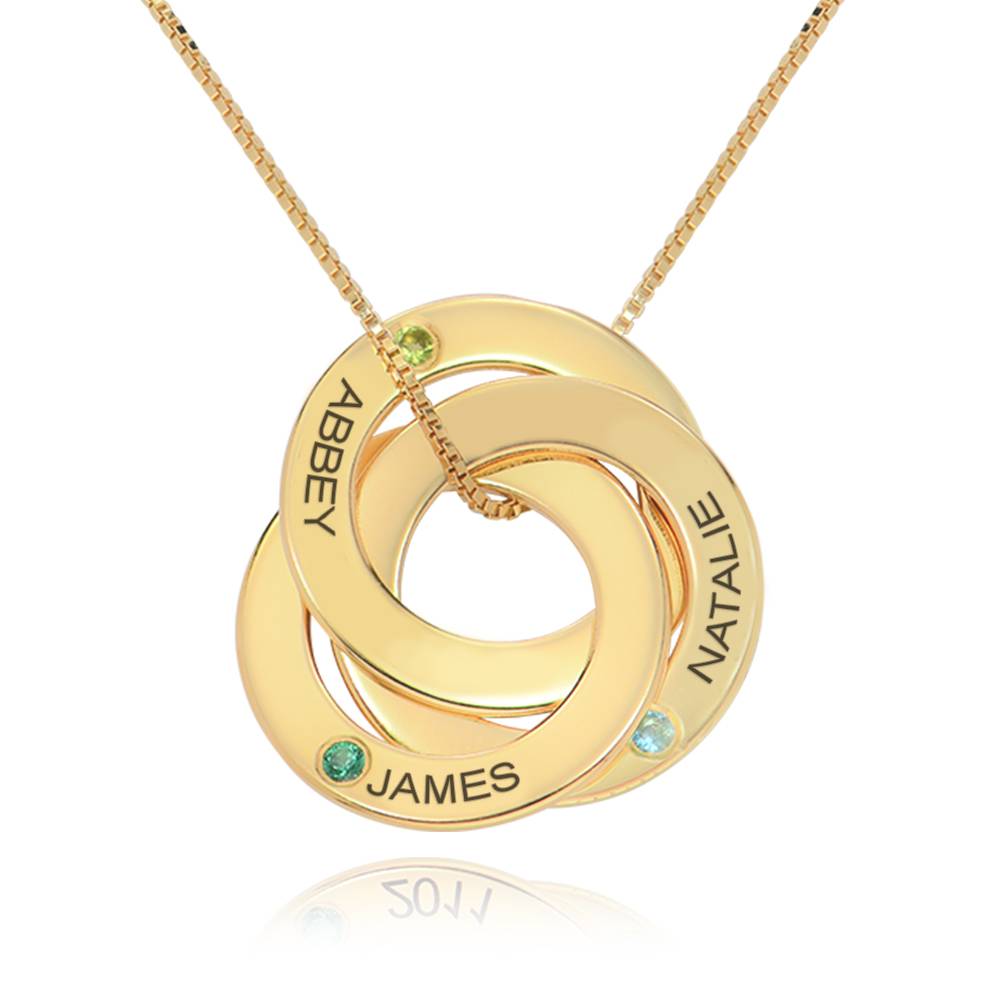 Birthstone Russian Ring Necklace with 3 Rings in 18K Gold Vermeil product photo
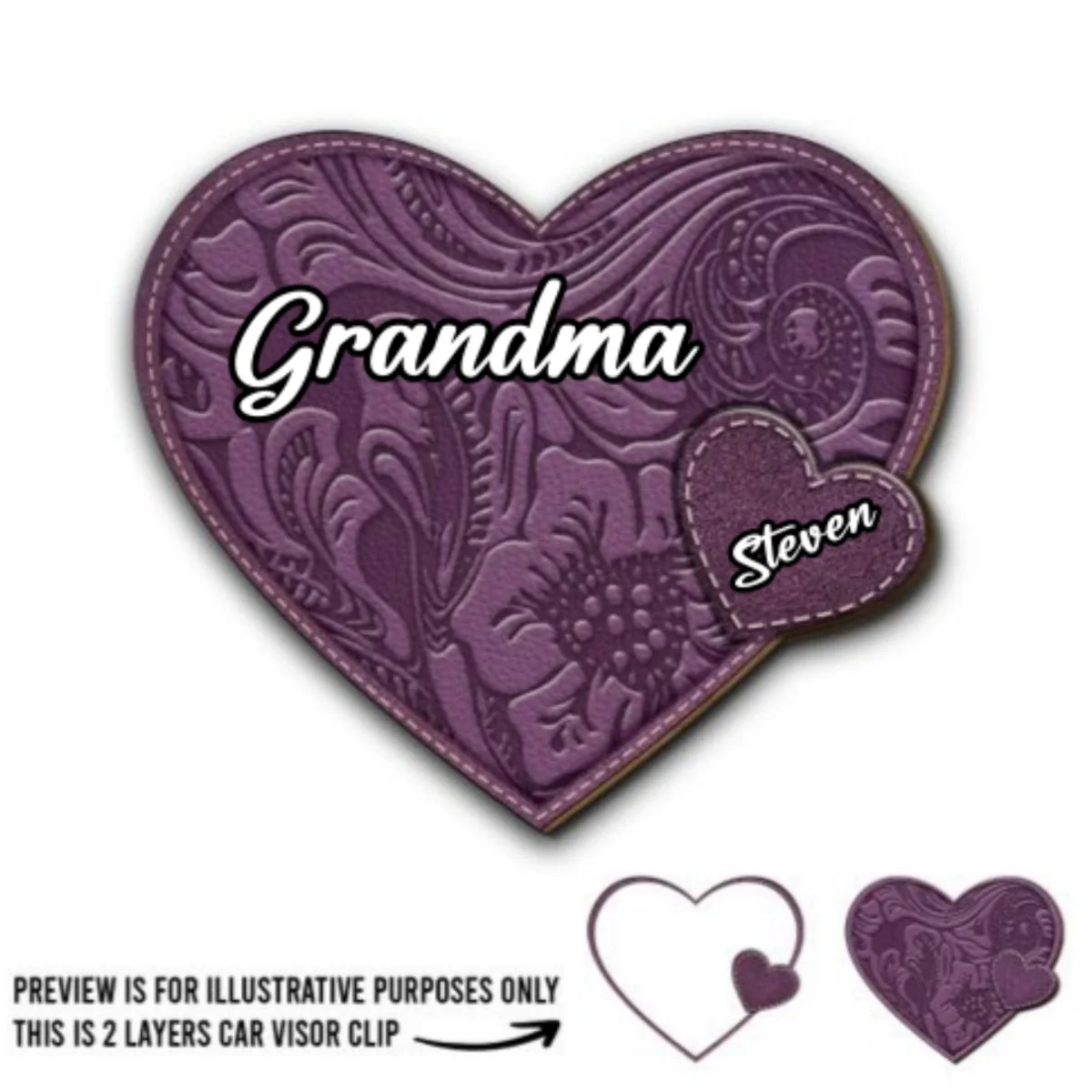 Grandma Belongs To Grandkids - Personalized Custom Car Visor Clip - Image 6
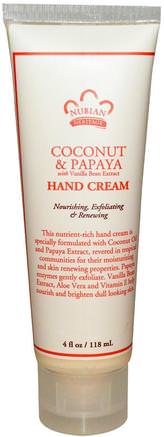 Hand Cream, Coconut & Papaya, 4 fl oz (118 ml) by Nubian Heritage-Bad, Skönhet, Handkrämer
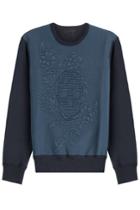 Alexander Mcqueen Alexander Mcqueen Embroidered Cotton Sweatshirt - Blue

WHAT YOU WILL DO — A word-for-word retyping of the material above is expected, without pictures.

ANSWER AREA —
 Birthstone Russian Ring Necklace with 3 Rings in 18K Gold Vermeil product photo
 Grandma Belongs To Grandkids - Personalized Custom Car Visor Clip - Image 6
 Hand Cream, Coconut & Papaya, 4 fl oz (118 ml) by Nubian Heritage-Bad, Skönhet, Handkrämer
 Alexander Mcqueen Alexander Mcqueen Embroidered Cotton Sweatshirt - Blue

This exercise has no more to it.